All lines in the entries below that hold "Downtown" make up the answer.

Start of SUPPLIED RECORDS

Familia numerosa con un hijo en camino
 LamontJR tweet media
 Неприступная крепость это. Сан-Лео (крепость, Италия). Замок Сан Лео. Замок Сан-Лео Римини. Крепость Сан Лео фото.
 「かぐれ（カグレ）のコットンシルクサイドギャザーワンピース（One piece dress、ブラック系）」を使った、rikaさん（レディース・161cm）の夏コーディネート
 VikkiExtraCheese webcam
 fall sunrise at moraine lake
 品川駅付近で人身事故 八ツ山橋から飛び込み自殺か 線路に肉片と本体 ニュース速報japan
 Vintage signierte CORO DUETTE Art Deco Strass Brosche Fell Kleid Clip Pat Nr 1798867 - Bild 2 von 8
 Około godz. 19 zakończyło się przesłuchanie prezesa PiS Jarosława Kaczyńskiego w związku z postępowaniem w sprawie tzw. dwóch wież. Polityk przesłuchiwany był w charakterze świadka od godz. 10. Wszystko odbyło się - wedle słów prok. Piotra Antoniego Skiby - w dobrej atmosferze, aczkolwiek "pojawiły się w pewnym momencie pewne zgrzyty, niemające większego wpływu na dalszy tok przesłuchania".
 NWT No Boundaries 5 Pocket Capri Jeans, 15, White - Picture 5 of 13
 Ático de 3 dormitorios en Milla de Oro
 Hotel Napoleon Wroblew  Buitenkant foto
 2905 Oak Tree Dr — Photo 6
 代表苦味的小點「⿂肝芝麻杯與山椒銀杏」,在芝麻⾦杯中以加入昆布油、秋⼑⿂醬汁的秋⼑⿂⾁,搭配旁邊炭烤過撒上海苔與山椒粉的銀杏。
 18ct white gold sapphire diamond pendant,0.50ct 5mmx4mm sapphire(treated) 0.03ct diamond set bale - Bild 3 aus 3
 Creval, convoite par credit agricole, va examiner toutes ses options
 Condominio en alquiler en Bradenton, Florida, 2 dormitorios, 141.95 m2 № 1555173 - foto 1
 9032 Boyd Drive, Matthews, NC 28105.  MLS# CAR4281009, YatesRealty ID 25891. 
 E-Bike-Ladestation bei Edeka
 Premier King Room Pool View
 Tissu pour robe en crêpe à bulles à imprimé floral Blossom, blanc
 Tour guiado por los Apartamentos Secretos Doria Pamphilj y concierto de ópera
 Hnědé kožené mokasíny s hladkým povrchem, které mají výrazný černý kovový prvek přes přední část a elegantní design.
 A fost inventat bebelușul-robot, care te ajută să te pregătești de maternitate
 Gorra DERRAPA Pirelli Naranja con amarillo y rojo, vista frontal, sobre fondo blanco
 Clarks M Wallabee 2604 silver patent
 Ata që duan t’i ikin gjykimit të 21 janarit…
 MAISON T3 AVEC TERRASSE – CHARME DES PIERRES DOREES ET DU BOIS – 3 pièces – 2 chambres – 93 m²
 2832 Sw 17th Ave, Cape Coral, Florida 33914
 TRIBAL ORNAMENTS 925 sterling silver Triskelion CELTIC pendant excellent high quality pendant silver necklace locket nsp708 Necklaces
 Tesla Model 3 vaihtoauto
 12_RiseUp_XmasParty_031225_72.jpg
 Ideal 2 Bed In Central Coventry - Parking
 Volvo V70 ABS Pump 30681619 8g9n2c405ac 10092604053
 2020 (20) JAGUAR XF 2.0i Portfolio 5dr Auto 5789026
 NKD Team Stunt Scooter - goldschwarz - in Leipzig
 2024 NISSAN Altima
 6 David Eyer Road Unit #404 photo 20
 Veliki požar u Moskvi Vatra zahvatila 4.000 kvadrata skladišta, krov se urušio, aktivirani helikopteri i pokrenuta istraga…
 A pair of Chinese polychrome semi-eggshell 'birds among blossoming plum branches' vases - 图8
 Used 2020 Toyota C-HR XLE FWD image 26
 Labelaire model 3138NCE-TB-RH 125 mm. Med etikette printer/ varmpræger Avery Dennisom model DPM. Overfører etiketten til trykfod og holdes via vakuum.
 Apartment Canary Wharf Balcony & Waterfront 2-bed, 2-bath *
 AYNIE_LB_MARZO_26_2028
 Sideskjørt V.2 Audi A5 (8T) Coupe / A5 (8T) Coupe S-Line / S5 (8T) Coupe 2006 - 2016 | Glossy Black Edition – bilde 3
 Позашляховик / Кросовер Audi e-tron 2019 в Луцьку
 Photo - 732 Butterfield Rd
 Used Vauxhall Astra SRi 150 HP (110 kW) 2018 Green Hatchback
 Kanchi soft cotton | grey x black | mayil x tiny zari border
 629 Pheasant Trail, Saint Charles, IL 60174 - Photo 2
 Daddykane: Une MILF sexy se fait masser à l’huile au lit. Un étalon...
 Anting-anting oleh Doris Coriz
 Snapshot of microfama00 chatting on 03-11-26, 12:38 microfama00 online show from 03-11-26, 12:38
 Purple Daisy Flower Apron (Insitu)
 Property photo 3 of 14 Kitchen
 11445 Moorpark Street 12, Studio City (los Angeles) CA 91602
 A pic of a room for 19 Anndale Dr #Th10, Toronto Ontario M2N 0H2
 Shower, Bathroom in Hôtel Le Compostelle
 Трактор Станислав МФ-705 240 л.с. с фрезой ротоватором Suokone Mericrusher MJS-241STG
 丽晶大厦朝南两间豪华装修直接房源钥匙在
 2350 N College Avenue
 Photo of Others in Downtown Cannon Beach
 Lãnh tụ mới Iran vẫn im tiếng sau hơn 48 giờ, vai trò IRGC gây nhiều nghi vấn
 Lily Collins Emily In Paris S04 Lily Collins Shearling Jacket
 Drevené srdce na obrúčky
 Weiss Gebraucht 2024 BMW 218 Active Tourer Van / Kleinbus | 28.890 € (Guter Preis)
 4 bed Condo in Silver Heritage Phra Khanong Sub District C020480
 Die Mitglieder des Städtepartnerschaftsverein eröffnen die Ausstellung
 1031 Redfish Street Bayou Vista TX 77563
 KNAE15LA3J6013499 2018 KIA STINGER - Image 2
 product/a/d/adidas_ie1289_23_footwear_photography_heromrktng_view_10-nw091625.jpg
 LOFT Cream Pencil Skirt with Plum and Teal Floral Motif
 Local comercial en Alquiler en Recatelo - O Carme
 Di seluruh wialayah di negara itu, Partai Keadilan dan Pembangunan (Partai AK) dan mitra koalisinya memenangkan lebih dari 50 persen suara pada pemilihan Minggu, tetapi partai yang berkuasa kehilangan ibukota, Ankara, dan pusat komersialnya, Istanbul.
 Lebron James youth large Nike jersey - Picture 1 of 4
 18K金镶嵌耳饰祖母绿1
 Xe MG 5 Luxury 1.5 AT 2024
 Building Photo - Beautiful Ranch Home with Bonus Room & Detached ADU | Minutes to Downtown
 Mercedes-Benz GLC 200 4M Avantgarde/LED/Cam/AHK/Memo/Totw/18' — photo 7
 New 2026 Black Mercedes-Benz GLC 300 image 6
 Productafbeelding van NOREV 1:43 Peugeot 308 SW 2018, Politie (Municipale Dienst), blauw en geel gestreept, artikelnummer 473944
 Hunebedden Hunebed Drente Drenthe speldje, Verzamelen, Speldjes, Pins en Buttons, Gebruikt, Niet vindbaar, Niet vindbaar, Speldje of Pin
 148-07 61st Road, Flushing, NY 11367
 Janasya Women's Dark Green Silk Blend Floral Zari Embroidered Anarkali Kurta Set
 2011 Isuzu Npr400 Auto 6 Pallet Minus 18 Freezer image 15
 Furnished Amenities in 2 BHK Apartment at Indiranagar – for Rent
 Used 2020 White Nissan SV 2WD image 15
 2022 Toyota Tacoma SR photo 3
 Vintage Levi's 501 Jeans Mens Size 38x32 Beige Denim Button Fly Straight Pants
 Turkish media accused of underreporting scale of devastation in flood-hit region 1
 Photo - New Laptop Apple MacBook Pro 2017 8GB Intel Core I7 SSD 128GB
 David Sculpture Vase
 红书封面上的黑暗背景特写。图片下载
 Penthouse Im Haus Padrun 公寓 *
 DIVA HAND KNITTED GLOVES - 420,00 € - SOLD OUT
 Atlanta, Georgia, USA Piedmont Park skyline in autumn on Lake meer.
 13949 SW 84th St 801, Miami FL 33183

End of SUPPLIED RECORDS

▶ SOLUTION TO THE EXERCISE
 Photo of Others in Downtown Cannon Beach
 Building Photo - Beautiful Ranch Home with Bonus Room & Detached ADU | Minutes to Downtown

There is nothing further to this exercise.